> WHAT IS REQUIRED:
Going down the data below, set down exactly the line with "Laptop auf Tisch" and each line after it through the line with "Dining area featuring"; no other lines.

(Crawled caption data)
=== Section Start ===

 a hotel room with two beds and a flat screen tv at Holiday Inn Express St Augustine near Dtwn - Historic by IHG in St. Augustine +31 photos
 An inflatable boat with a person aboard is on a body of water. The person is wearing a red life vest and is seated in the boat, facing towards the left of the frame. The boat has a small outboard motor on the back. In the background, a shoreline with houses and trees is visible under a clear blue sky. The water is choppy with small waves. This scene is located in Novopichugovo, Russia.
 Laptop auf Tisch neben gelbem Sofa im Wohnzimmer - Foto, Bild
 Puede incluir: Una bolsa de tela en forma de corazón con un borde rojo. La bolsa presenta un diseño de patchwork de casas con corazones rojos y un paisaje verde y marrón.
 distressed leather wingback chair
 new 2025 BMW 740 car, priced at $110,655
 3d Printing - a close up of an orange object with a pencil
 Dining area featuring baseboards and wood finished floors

=== Section End ===
=== Section Start ===

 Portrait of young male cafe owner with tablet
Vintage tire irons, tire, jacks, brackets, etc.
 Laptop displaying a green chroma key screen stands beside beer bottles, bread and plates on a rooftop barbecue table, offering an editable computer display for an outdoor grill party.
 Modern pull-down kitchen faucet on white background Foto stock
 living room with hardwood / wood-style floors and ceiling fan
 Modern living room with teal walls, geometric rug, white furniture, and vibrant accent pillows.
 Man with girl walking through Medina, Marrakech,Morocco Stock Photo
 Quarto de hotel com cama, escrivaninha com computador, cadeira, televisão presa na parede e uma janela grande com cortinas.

=== Section End ===

> EXERCISE OUTPUT:
 Laptop auf Tisch neben gelbem Sofa im Wohnzimmer - Foto, Bild
 Puede incluir: Una bolsa de tela en forma de corazón con un borde rojo. La bolsa presenta un diseño de patchwork de casas con corazones rojos y un paisaje verde y marrón.
 distressed leather wingback chair
 new 2025 BMW 740 car, priced at $110,655
 3d Printing - a close up of an orange object with a pencil
 Dining area featuring baseboards and wood finished floors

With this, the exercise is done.